There is also a tendency for public universities to rely on police departments for security than private universities. As of 2012, 92 percent of public institutions used sworn officers, compared to 38 percent of private institutions.
Even if the university has police officers for security or not, often dangerous situations are over by the time police arrive, Wachowski said. He stressed the importance for students, faculty and staff to have a plan of action in case becomes dangerous.
“Everyone has to come up with their own plan to survive in situations,” Wachowski said. “It not only helps them while they’re on campus. I mean, you see the news, it’s happening in movie theaters, it’s happening everywhere. If you have your plan, you’re more apt to survive a bad situation.”
One way to avoid unwanted trouble at DePaul is to use Public Safety’s escort service, where an officer can pick a student up anytime between 6 p.m. and 6 a.m. to any on-campus location.

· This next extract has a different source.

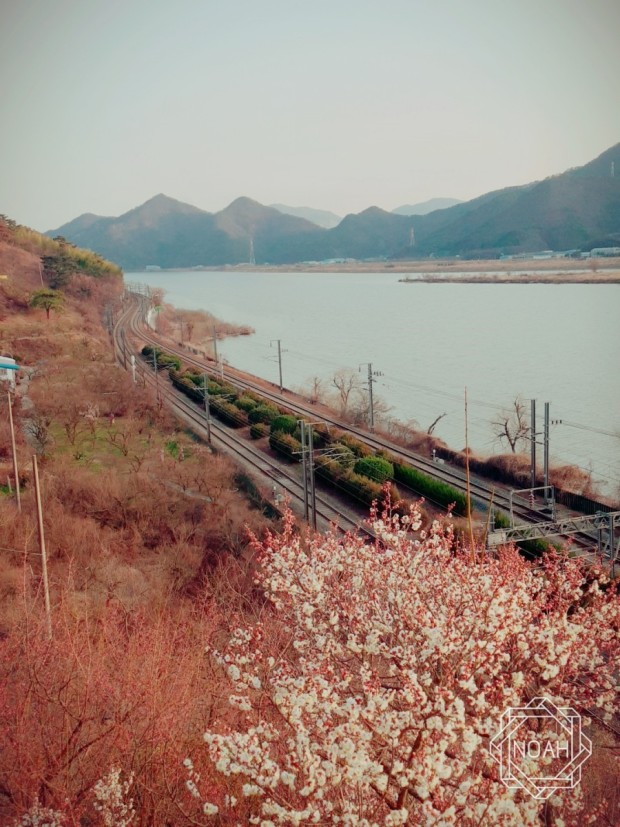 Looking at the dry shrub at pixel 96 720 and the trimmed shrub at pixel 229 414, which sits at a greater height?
the dry shrub at pixel 96 720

Many universitites in Chicago have similar services, regardless if the ride is given by sworn or unsworn officers.
Some students at DePaul had concerns regarding their safety or the safety of others.
Emily Kosich, a junior who studies real estate, said she is sometimes concerned for her safety in the Loop campus.

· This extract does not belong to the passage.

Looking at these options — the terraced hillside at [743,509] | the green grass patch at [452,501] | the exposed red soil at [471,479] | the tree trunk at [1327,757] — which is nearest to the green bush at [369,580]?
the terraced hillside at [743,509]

“I feel like that when there’s guys sleeping on the streets, guys going through the garbage,” she said.
To alleviate concerns for safety, Kosich said that students should be more aware of their surroundings, instead of walking around while distracted on their phones.
Andrea Baldi, a senior who studies biology, said she doesn’t have any concerns, but she was surprised to find out that the majority of Public Safety officers are unarmed.
“I didn’t realize that was the case at DePaul,” she said.
Alex Leif, a sophomore who majors in international studies and political science, said he finds inebriated and underage students wandering around at night quite troubling. Public Safety could give these students rides home, he said.
“I myself don’t feel threatened when on campus, but when you’re walking out by yourself, inebriated, you’re definitely very vulnerable,” Leif said. “If there is a way that people could have support without fear of being reprimanded, I think that would go a long way.”